Le grida ora erano diventate lamenti, quasi da bambino, e tra di essi e il rumore della pioggia, Setsuna sentì qualcuno parlare con voce impassibile.
“Cosa c’è, non ti è piaciuto il trattamento? Ora ascoltami bene, spilungone, perché voglio darti un consiglio da amica: ti conviene non dire a nessuno che io vi ho fatto questo. Per due motivi: il primo è che scoprirebbero perché l’ho fatto, e dubito che il preside Konoe sarà contento di sapere cosa volevate fare alla migliore amica di sua nipote. Il secondo è che poi io vi punirei per aver fatto la spia, e credimi, quello che avete subito stasera sembrerebbe acqua di rose a confronto. Vuoi dirmi qualcosa? Non ci riesci col tacco del mio stivale premuto sulla trachea, vero? Lo sai che se premo un altro po’ il tacco penetrerebbe senza problemi pelle e muscoli? Vogliamo vedere se riesci a respirare comunque? Ce la dovresti fare, a volte quando qualcuno soffoca gli si incide la trachea, un piccolo buco per far entrare e uscire l’ossigeno senza passare per il naso e la bocca. Certo questo lo fanno i chirurghi esperti nelle sale operatorie, io sono solo una ragazza senza alcuna competenza, che in questo caso utilizzerebbe un tacco, per giunta entrato in contatto col terreno, quindi immaginati quanti microbi penetrerebbero nel tuo sangue schifoso. Toh, te la sei fatta addosso. Non mi stupisce, vi siete messi in ventidue contro una sola ragazza, per giunta dopo averla drogata. Ora andatevene, apposta vi ho spezzato tre arti su quattro, tanto con uno solo, strisciando lentamente, ce la dovreste fare. Addio”.

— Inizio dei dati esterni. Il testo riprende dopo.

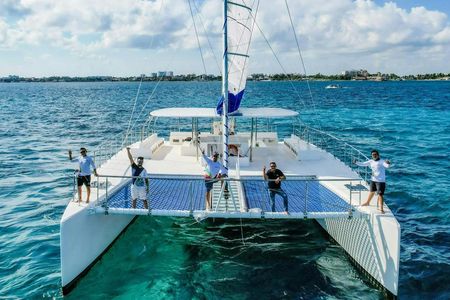 Full-day Isla Mujeres catamaran cruise from Puerto Morelos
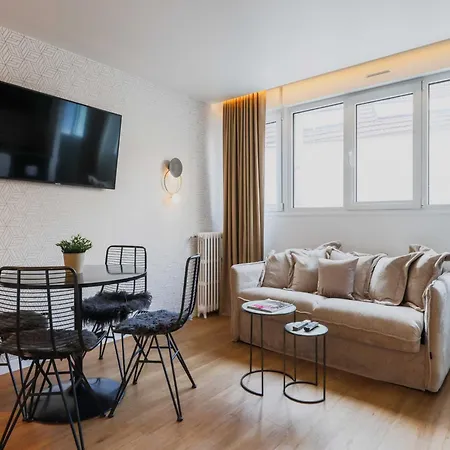 Elegant - 2br 6p - Canal St Martin Apartmán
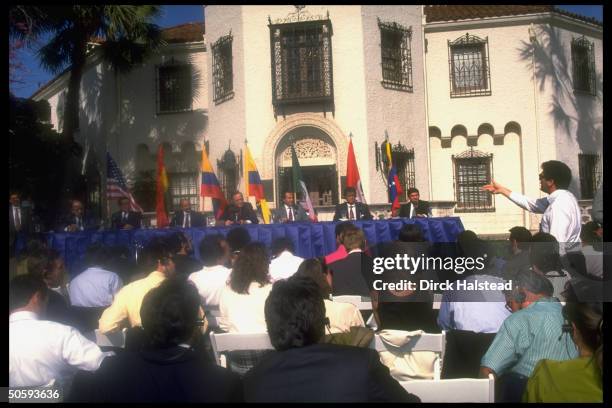 President George Bush flanked by Latin leaders incl. Fujimori, Gortari, unident., Paz Zamora & Gaviria, holding outdoor drug summit news conf.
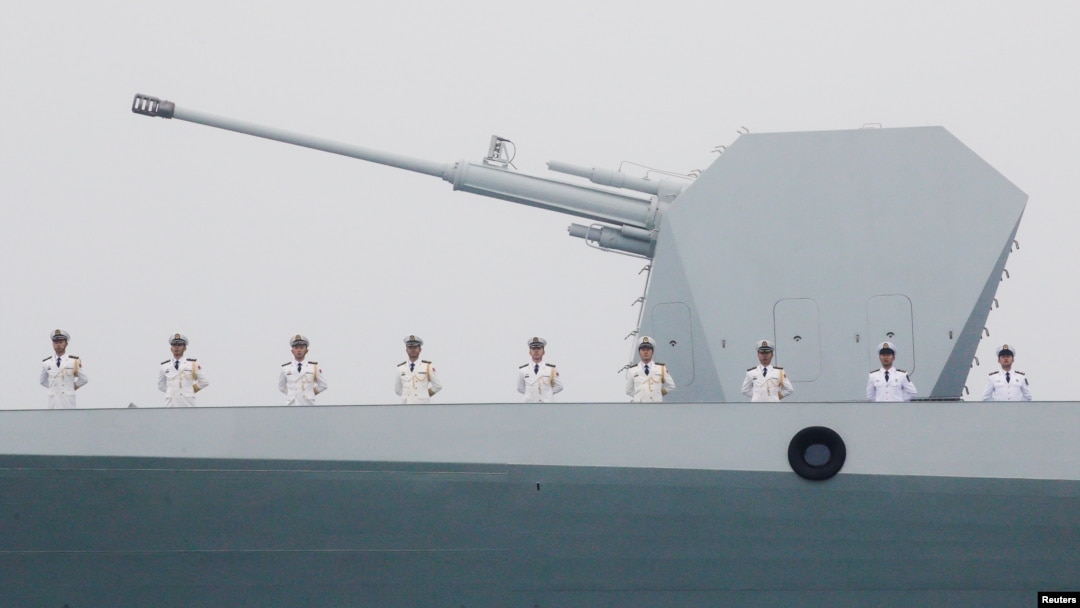 中國海軍驅逐艦太原號2019年4月23日在山東青島參加慶祝人民解放軍海軍建軍70週年的閱兵活動。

Setsuna non aveva visto la scena, essendo bloccata con la testa girata dall’altra parte, e non aveva neppure sentito tutto, a causa dei lamenti, della pioggia e dell’impermeabile che teneva sopra, ma aveva comunque afferrato il succo del discorso, ed era stato sufficiente per farle venire i brividi, quindi tentò di muoversi, ancora inutilmente.
Tuttavia la sconosciuta la prese in braccio con estrema delicatezza e cominciò a correre sotto la pioggia.
“Chi… chi sei?”
“Ssh, riposati ora”, le disse dolcemente la sua salvatrice, mettendole una mano sugli occhi.
Setsuna si sentì cadere in un oblio che avrebbe voluto gradevole, ma ebbe l’impressione di essere portata tra gli alberi.
“No… alberi… tempietto… no”, mormorò prima di svenire.